Recently there's been another round of internet indignation in defense of dark YA novels. Every few months it seems I run across another spate of people defending romance novels. Awhile back it was fantasy because of the TV series made from Game of Thrones. And sometimes these defensive posts are really great, rallying cries for art and freedom and all manner of good things, and sometimes they're sort of the same old same old, preaching to the choir. But I keep having a problem with an overwhelming majority of them.

They concede too much.

When you defend a dark YA novel because darkness in YA novels can teach empathy and awareness for various social problems, you make that the standard for judgment--rather than saying, hey, you know what? Teens are people, and novels aimed at teens deserve as much breadth and as much of the author's critical and artistic judgment as any other art form aimed at people. Period. Sure, you try to figure out what your audience will get and what they'll like--you always do. That's true of any novel.

And when you defend genre romance by noting that a great many writers--usually Jane Austen comes up here, often Shakespeare--have concerned themselves with love stories, you are palming cards that only readers who are sympathetic to your cause will miss: the idea that a love story and a genre romance are identical, rather than the latter being a subset of the former. Nobody actually buys the, "One genius could make this a worthy thing, so it's a worthy thing!" argument, particularly not the sort of people who are condemning entire genres wholesale. They buy them even less when the worthy thing you're pointing at is arguably not the thing you're defending. Shakespeare's genre, in the old technical sense, was plays or poems, not novels. If you have to call on Shakespeare to defend a group of novels, you have already lost your argument nine times out of ten--worse, you have conceded it by not forming a coherent defense of what you actually value.

When you rely on moral improvement or references to the canon to defend what you like, you are reinforcing the idea that these are the standards on which these things are to be judged. And that's far too narrow a view of fiction. "You're being unnecessarily prescriptionist," for example, is a reasonable thing to say, or, "Not every book has to do the same thing, and here's what this one does well," or even, "Go to hell; I like books like that." But when you're defending genre romances, for heaven's sake use genre romances to do so. When you're defending SF, you don't have to use that one time that totally reputable writer wrote one book that's sort of SF except totally not in conversation with the rest of the genre.
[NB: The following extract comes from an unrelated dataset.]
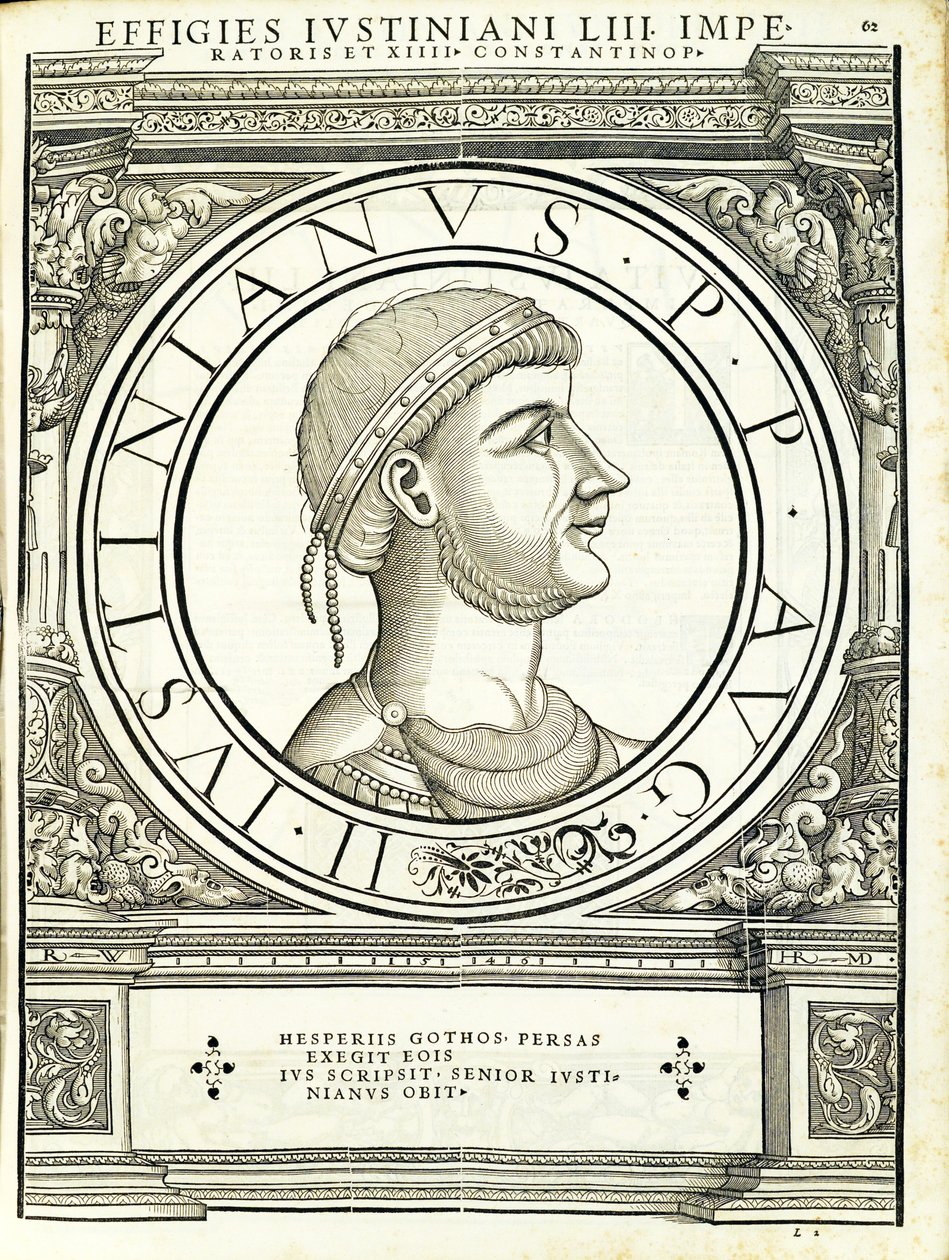 Iustinianus I, Illustration aus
You can say, "Here's what's lyrical in this book," or, "Here's what I found interesting," or relaxing, or touching, or fun. Some of us have fun with dark stories. Some of us have fun with a particular genre type of love stories. Some of us have fun with books that are intensely focused on language or theme. Fun is okay. Do not concede the fun. It doesn't have to be everybody's fun, but it can be yours. It doesn't have to be Morally Uplifting or Deeply Intellectual--some books are, and that's great, and some aren't, and that can be great in its own way too.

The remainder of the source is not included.